We need to calculate the electronegativity of $Si and Cl$ bond and classify whether the bond is nonpolar covalent, polar covalent, or ionic: nonpolar covalent, polar covalent, or ionic.

General Information

If electronegativity difference is from $0 to 0.4$ then the bond is a nonpolar covalent bond,

if the difference is from $0.4 to 1.8$ then the bond is a polar covalent bond,

and if the difference is greater than $1.8$ then the bond is an ionic bond.

We know that the electronegativity of $Si$ is $1.8$ and of $Cl$ is $3$

$Si-Cl$ electronegativity difference $3-1.8=1.2$

So the$Si-Cl$ bond is a Polar covalent bond.

We need to calculate the electronegativity of $C and C$ bond and classify whether the bond is nonpolar covalent, polar covalent, or ionic: nonpolar covalent, polar covalent, or ionic.

Considering the electronegativity of $C$ is $2.5$

In $C-C$ bond the electronegativity difference is zero.

So, the bond is a nonpolar covalent bond.

We need to calculate the electronegativity of $Na and Cl$ bond and classify whether the bond is nonpolar covalent, polar covalent, or ionic: nonpolar covalent, polar covalent, or ionic.
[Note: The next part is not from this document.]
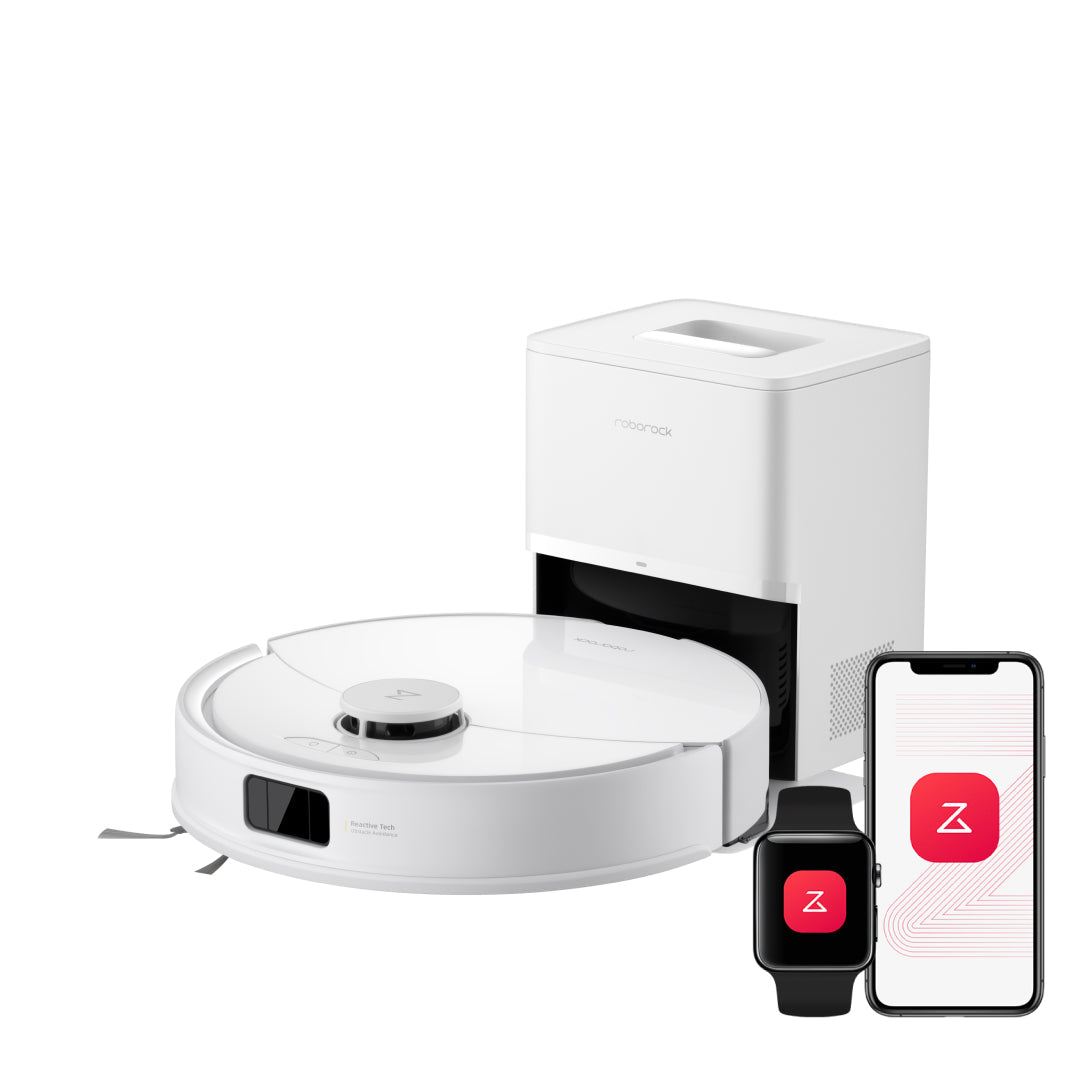 Roborock Q10 X5+ robot vacuum in white with auto-empty dock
Considering the electronegativity of $Na$ is $0.9$ and of $Cl$ is $3$.

The electronegativity difference of $Na-Cl$ is $3-0.9=2.1$

So, the $Na-Cl$ bond is an ionic bond.

We need to calculate the electronegativity of $C and H$ bond and classify whether the bond is nonpolar covalent, polar covalent, or ionic: nonpolar covalent, polar covalent, or ionic.

Considering the electronegativity of $C$ is $2.5$ and of $H$ is $2.1$.
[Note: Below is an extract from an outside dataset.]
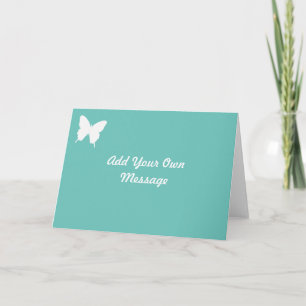 Kaart van gepersonaliseerde turquoise Butterfly-gr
The electronegativity difference of $C-H$ bond is $2.5-2.1=0.4$

So, the $C-H$ bond is a nonpolar covalent bond.

We need to calculate the electronegativity of $F and F$ bond and classify whether the bond is nonpolar covalent, polar covalent, or ionic: nonpolar covalent, polar covalent, or ionic.

Considering the electronegativity of $F$ is $4$.

The electronegativity difference of  $F-F$ bond is zero.

So, the $F-F$ bond is a nonpolar covalent bond.